(RECORDED DATA Opens)

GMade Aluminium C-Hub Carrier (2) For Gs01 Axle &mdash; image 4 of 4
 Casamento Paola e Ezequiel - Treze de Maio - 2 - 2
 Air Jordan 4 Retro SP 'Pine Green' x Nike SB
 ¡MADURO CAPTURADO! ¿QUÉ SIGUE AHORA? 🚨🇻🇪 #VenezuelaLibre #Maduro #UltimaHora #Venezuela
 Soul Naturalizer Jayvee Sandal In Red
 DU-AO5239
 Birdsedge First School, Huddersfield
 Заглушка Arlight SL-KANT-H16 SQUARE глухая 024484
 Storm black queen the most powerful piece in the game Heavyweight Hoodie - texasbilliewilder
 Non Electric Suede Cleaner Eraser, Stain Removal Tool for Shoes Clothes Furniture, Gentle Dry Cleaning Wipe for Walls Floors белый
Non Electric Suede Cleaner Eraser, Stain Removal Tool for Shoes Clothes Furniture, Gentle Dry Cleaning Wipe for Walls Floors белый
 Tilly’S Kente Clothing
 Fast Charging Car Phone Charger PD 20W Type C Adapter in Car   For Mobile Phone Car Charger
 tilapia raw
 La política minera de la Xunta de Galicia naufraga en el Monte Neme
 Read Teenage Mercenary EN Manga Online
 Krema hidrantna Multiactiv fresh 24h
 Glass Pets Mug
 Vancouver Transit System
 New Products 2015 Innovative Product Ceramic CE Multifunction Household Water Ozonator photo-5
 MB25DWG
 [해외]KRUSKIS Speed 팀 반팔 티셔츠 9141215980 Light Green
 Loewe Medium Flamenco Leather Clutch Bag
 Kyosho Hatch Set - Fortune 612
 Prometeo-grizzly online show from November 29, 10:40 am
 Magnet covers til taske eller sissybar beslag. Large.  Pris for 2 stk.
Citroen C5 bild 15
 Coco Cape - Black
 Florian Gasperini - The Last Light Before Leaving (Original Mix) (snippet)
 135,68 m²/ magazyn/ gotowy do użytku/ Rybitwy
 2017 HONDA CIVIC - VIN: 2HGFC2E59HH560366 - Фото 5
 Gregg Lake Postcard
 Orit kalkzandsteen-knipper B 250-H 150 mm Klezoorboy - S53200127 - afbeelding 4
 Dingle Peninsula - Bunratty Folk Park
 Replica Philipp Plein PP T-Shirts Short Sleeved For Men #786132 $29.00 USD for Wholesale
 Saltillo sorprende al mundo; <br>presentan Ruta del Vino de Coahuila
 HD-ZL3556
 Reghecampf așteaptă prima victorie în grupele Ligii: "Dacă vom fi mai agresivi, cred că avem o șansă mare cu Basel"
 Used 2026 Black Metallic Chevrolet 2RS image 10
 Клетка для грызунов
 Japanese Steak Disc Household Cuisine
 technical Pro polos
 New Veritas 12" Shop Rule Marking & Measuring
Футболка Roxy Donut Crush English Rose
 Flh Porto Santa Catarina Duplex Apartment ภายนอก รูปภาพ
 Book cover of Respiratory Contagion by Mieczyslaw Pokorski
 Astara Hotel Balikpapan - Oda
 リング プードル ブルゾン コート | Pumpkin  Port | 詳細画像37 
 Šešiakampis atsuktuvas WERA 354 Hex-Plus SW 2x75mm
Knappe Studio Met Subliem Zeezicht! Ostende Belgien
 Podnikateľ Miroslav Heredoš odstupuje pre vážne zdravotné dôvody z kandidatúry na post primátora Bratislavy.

(RECORDED DATA Closes)

_WHAT YOU WILL DO_
Find every line in the records that uses the string "белый", then copy it.

_ANSWER SECTION_
 Non Electric Suede Cleaner Eraser, Stain Removal Tool for Shoes Clothes Furniture, Gentle Dry Cleaning Wipe for Walls Floors белый
Non Electric Suede Cleaner Eraser, Stain Removal Tool for Shoes Clothes Furniture, Gentle Dry Cleaning Wipe for Walls Floors белый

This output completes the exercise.